I recently purchased Mill Creek’s Crime Wave 50 Movie Megapack and decided to jump right in. This set is obviously going to take some time to get through, but why not get started now?
Bulldog Drummond Comes Back (1937) Louis King
Mill Creek Crime Wave 50 Movie Megapack (1:04)
I’m not sure why Mill Creek’s Crime Wave 50 Movie Megapack starts with Bulldog Drummond Comes Back from 1937, since it is neither the earliest film in the collection (both The Death Kiss and The Thirteenth Guest were released in 1932) nor the best transfer. In fact, the transfer is possibly the worst I’ve seen on any DVD in years. It seems someone decided the film was too dark and turned up the illumination to unbelievable levels, so much so that many of the faces look like glowing orbs. (Trust me: the image above is sharper and more balanced than anything you’ll see in the Mill Creek edition.) The Bulldog Drummond series ran for 23 films and Comes Back is the tenth entry. Maybe it’s the only one Mill Creek could get their hands on. I doubt it’s the best in the series.
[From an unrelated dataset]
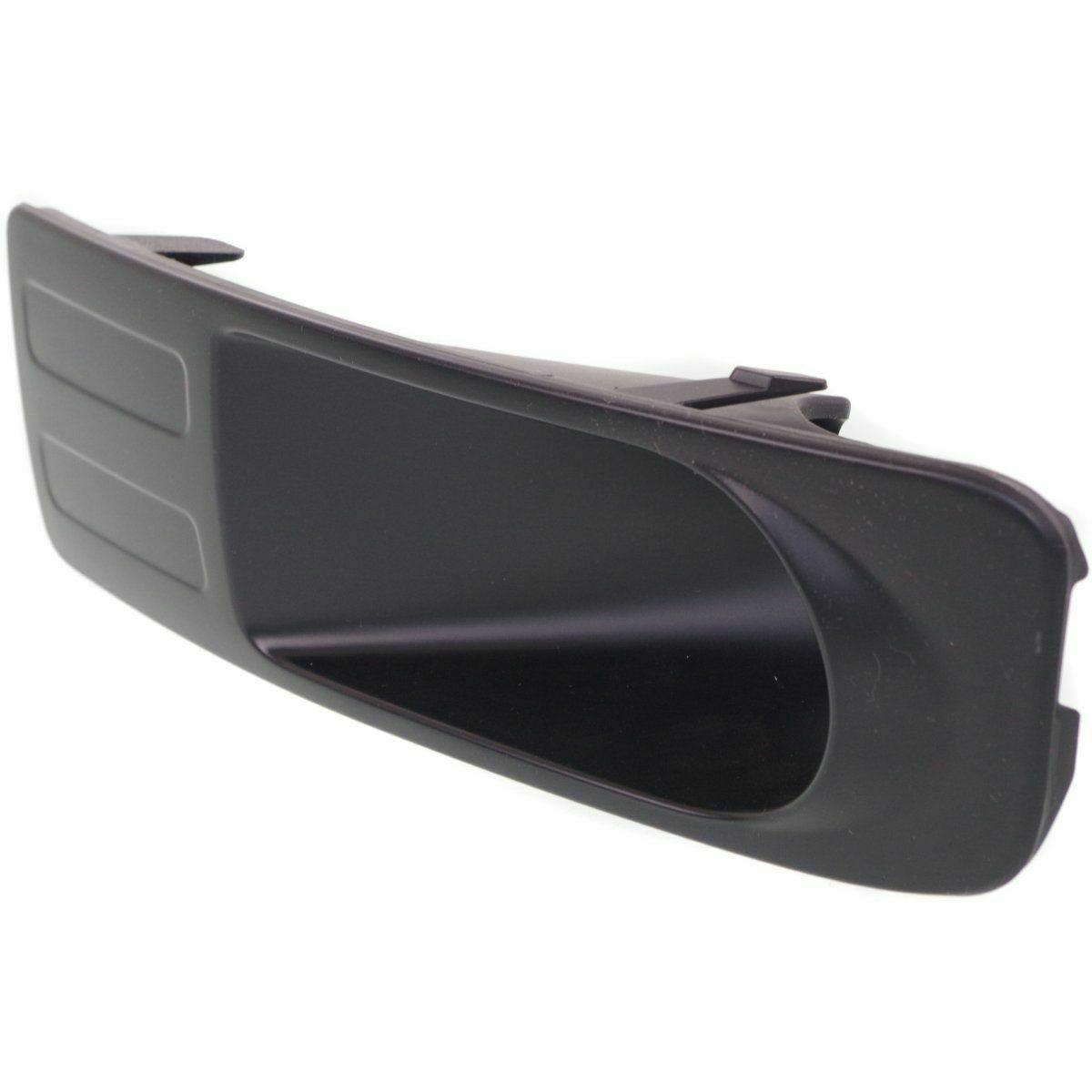 2006-2009 Ford Fusion Fog Lamp Bezel Front Driver Side Black Smooth , FO1038108. High-strength and long-lasting.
In this outing, Captain Drummond’s (John Howard, above left) girlfriend Phyllis Clavering (Louise Campbell) is kidnapped. Drummond has to solve a series of riddles in order to find the lovely Phyllis. Assisting Drummond is his friend Colonel Nielsen (John Barrymore) as a master of disguise. The film contains a few mildly interesting moments, but this is one you can probably skip, especially with a transfer this bad.
The Mystery of Mr. Wong (1939) William Nigh
Mill Creek Crime Wave 50 Movie Megapack (1:08)
This second feature in the Mill Creek Crime Wave set fares better than the first, not only in picture quality, but also in storytelling, although the plot is quite familiar to anyone who’s seen or read even a handful of mysteries. Speaking of seconds, this is also the second film in the six-film Mr. Wong series, the first being Mr. Wong, Detective (1938).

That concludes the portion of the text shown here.